Объятия однополчан, в едином порыве.
И когда волнение этой встречи улеглось (а ведь они, видимо, часто встречались в Кремле), начались воспоминания:
– Ты в какой роте?
– В третьей.
– Я в первой. Помнишь комполка?
– Жаль… погиб от шального осколка прямо на КП…
– Точно, славный был командир!
– А начпрод?
– Ну, ты и вспомнил этого прощелыгу! Хотя, если бы не он – голодать бы нам в то время. Его все помнят, кто жив остался.
Оказывается, от всего полка осталось-то каких-нибудь 160–170 человек. И еще много раненых.
Высокое начальство приказало взять с боем какой-то холмик. А мороз в тот памятный день 12 декабря сорок первого был трескучий. А немцы-то облили этот проклятый холмик водой и солдаты наши штурмовали его, скользя и падая. Сверху летели, взрываясь, гранаты. А снайперы немецкие неспеша расстреливали ползущих, скользящих и падающих наших солдат. Вот и нет полка, и высотка не взята…
– Помнишь?
– А помнишь?
Ну, как не помнить, если память замешана на крови! Помнишь, помнишь… Одно воспоминание влекло за собой другие. Много, много грустных. Редко веселых и еще реже смешных.
И фамилии, имена, прозвища и клички.
И часто щемящее молчание, когда каждый вновь остро переживал прошлое.
Телефонные звонки многочисленных аппаратов остались без внимания. В одной из пауз Суюмбаев спросил по-киргизски, были ли мы на Озере. Я ответил, что программа испытаний прибора и сжатые сроки пребывания гостя…
Приказал: завтра на Озеро! Мне оставалось только пожать плечами.
Расставание однополчан было кратким. Как и их объятья.
Наутро «чайка» мчит нас на Иссык-Куль. В комфортабельном просторном салоне сзади нас четверо: я, Ка-У и два его телохранителя, незаметные молодые парни.

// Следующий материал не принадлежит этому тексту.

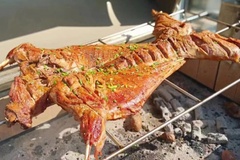 特色烤全羊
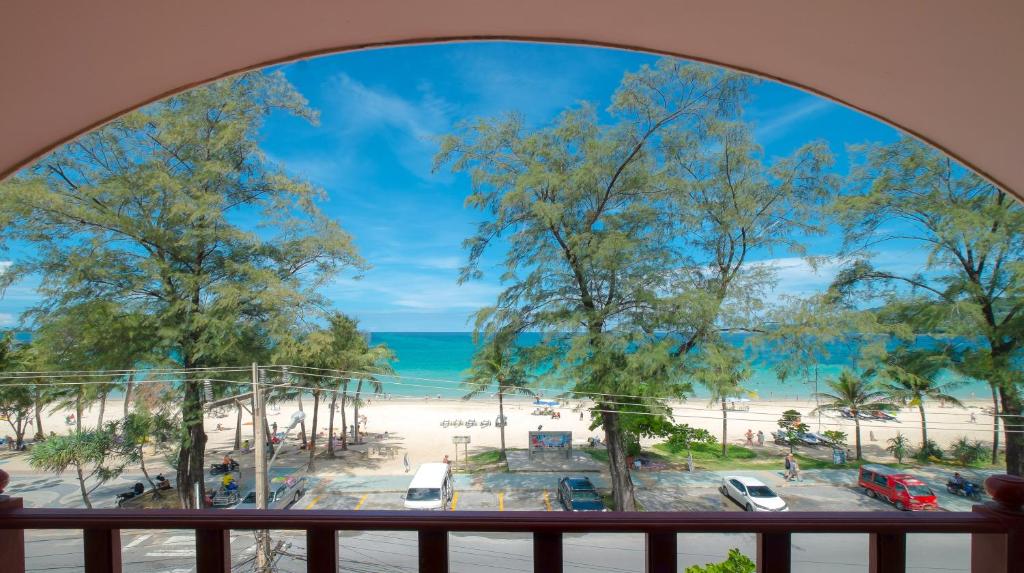 Сьюит (Люкс «Грейсленд» с 2 спальнями), Курортный отель Phuket Graceland Resort and Spa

У ворот правительственной дачи (ныне «резиденция») нас встречает сам хозяин дачи – Николай Хандогин, знаток рецептов вкусных блюд и знаменитый сердцеед. Узнав, что Ка-У не только зампред Совмина Союза, но крупный ученый в области гамма-астрономии, сделавший открытие (обнаружил разновидность атомной системы – свободный мюонный атом), обрадовался, что наконец-то у него в гостях появился не маршал, не министр, а ученый.
Двое суток – праздник души и тела в эти теплые майские дни на Иссык-Куле.
По приезде в столицу в гостинице «Пишпек» нас в номере Ка-У ожидал накрытый стол, сам Ахматбек Суттубаевич с супругой.
После первого тоста, «за встречу», пошли расспросы про житье-бытье, о проблемах нашей республики. Супруга Суюмбаева, скромный преподаватель в киргизской школе, искренне обрадовалась, узнав, что мать Кириллова-Угрюмова – учитель математики – была в 1940 году награждена высшим орденом – орденом Ленина. А когда Ка-У сообщил, что его отец, морской офицер, в мае 1941 года участвовал в параде на Красной площади, разговор с новой силой перешел в воспоминания о суровом прошлом тридцатилетней давности, так остро врезавшемся в память.
А я думал: вот они – русский и киргиз, братья по крови и, как поется в песне, «войны шальные дети и генерал, и рядовой»!